II. Sufficiency of the Evidence
Michael challenges the sufficiency of the evidence supporting his second degree murder conviction. The jury was instructed it could find Michael liable for Orellana's death on two theories: (1) Michael aided and abetted Anthony's commission of the second degree murder; or (2) Michael aided and abetted the battery of Orellana, and second degree murder was a natural and probable consequence of that battery. Michael challenges the evidence supporting both theories.
In evaluating a claim challenging the sufficiency of the evidence, our role is limited. We "review the whole record in the light most favorable to the judgment to determine whether it contains substantial evidence—i.e., evidence that is credible and of solid value—from which a rational trier of fact could have found the defendant guilty beyond a reasonable doubt." (People v. Nguyen (2015) 61 Cal.4th 1015, 1054-1055 (Nguyen).)

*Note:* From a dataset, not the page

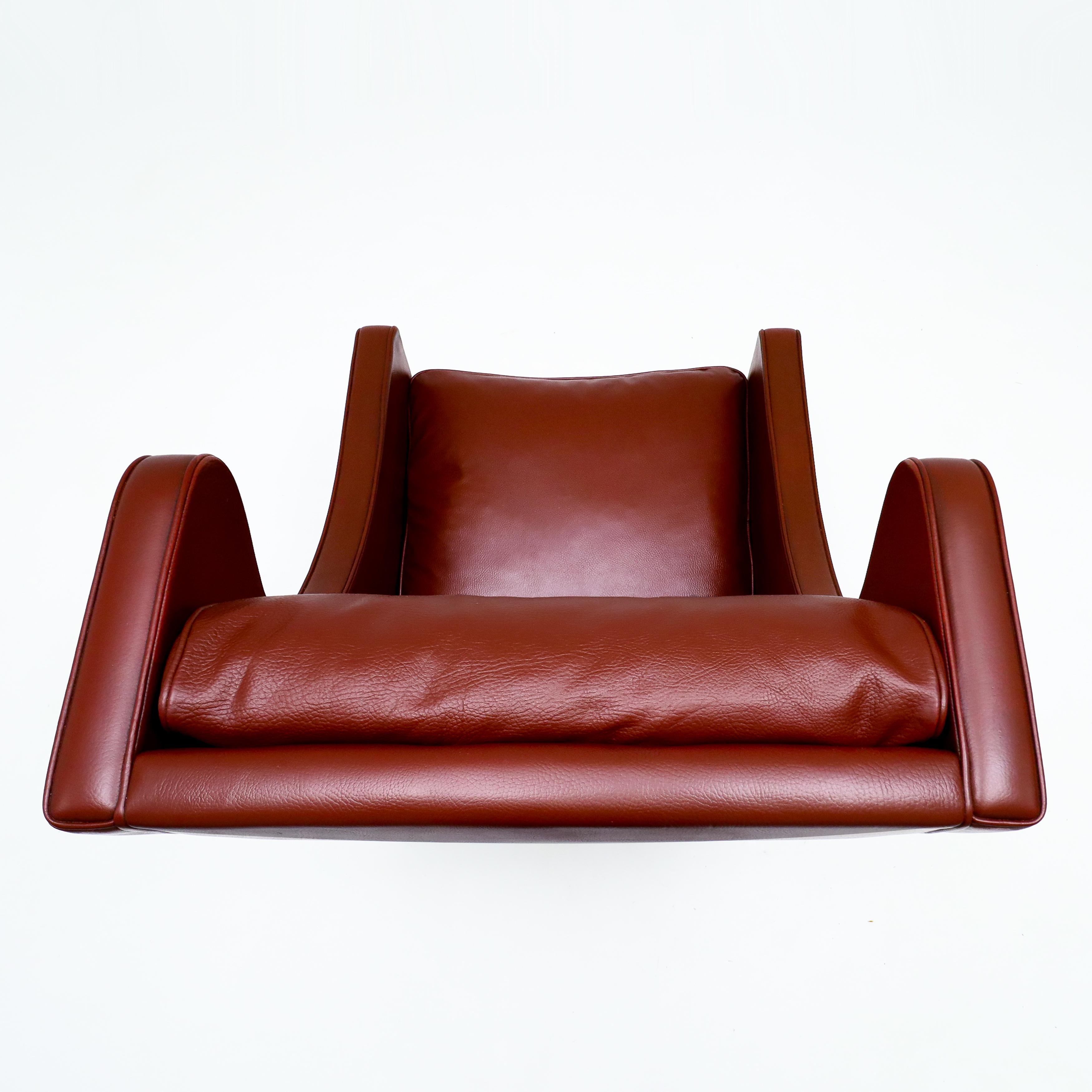 Mid Century Børge Mogensen 2204 Leather Wing Back Armchair for Fredericia For Sale 3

A. To support a finding that Michael aided and abetted a second degree murder
Murder is the "unlawful killing of a human being . . . with malice aforethought." (§ 187, subd. (a).) There are two degrees of murder, first degree and second degree. (§ 189.) What distinguishes them is that first degree murder involves aggravating circumstances over and above proof of an unlawful, malicious killing, such as proof that the homicide was committed willfully, deliberately and with premeditation. (§ 189; People v. Cravens (2012) 53 Cal.4th 500, 507 (Cravens).) All murders, regardless of degree, require "malice," and malice may be express or implied: Malice is "express when there is manifested a deliberate intention unlawfully to take away the life of a fellow creature" (§ 188), and is "implied when an unlawful killing results from a willful act, the natural and probable consequences of which are dangerous to human life, performed with conscious disregard for that danger" (People v. Elmore (2014) 59 Cal.4th 121, 133 (Elmore); § 188).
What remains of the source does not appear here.